Electrical signals control your heartbeat. There is a pattern to these signals. The sinoatrial (SA) node is where they begin. It is commonly referred to as your heart's natural pacemaker and is located in one of your atria.
Your atria contract in response to the signal, which causes blood to flow into your ventricles. Then it descends to the atrioventricular (AV) node, another region of your heart. Your ventricles will then contract in order to transport the blood.
Why does ventricular tachycardia occur?
The electrical signals in your ventricles go off in the wrong direction when you experience ventricular tachycardia. Your SA node's pulses are further impacted.
Most people's normal heart rates fall between 60 and 100 beats per minute. The rate of ventricular tachycardia might reach 170 beats per minute or even higher.
This prevents the upper chambers of your heart from having time to fill up and transfer the blood to the ventricles. As a result, your blood does not circulate properly throughout your body.
In some cases, this condition can result in ventricular fibrillation, which is characterized by irregular heartbeats that can reach 300 beats per minute. This situation is critical and life-threatening.
Symptoms of Ventricular Tachycardia
If your heart beats rapidly for only a short period of time, you might not experience any symptoms.
VT may lead to:
- Having a headache or feeling faint
- Chest pain
- Heart flutters
- Breathing difficulty
- Your neck is tense.
- Heart stoppage (cardiac arrest)
Treatment for Ventricular Tachycardia
If you don't have symptoms or if episodes last less than 30 seconds, you might not need to take any action. In any other case, how you are treated will depend on the problem's root cause.
You may need to quit taking a prescription or coffee if that is what is triggering your VT.
Additional treatments comprise:
Cardioversion: To restore your heart's regular beat, your doctor shocks it with electricity. This is a typical emergency treatment, particularly when VT coexists with dizziness or low blood pressure.
Medications: Prescription drugs that lower your heart rate include amiodarone (Nexterone, Pacerone), flecainide (Tambocor), lidocaine (Lidopen), propafenone (Rythmol SR), and sotalol (Betapace, Sotylize).

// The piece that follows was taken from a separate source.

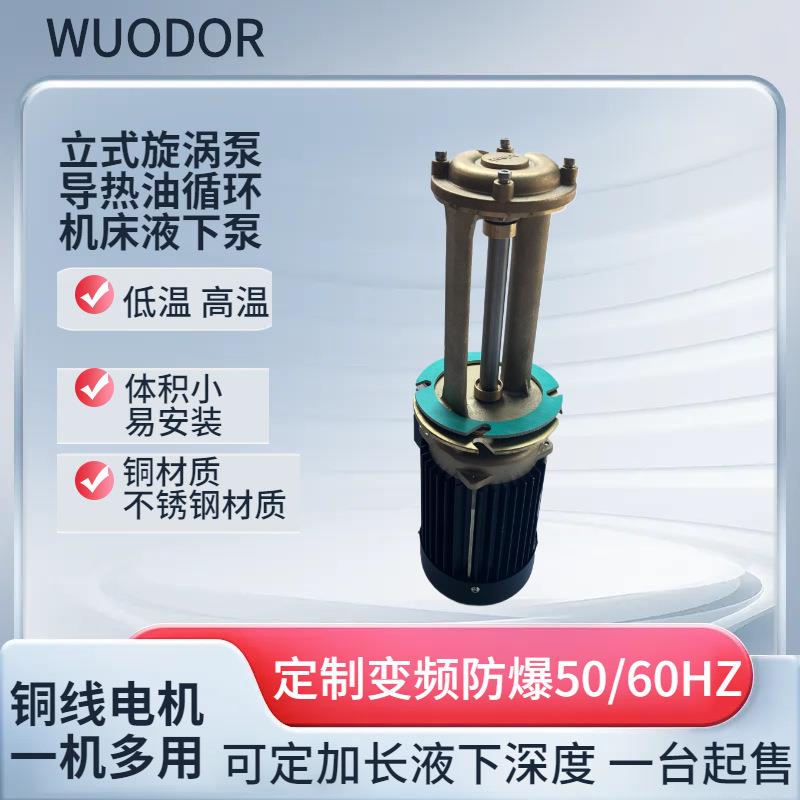 供应0.5kw机床液下泵WL-20-200旋涡泵橡胶射出机配套冷却液循环泵 - 实物图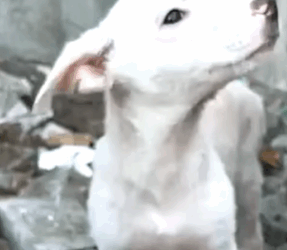 T0506043 Brought Home Homeless Puppy That Didn Eat For Days And It Received Lot Of Food part2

These have drawbacks and are less effective than cardioversion.
Cardiac resynchronization therapy (CRT): A little pacemaker is inserted by your doctor close to your collarbone. To get the ventricles to cooperate as they should, it sends messages to both of them.
An implantable cardioverter-defibrillator (ICD): This is a little gadget that is positioned behind your collarbone. It might be provided combined with CRT. If your heartbeat becomes irregular, an ICD shocks you to get it back to normal. It can prevent VT from becoming a potentially fatal issue.
Cardiac ablation: Ablation using radiofrequency or a catheter is another name for this. To kill atypical cardiac tissue, doctors employ heat. This procedure can both treat and cure ventricular tachycardia.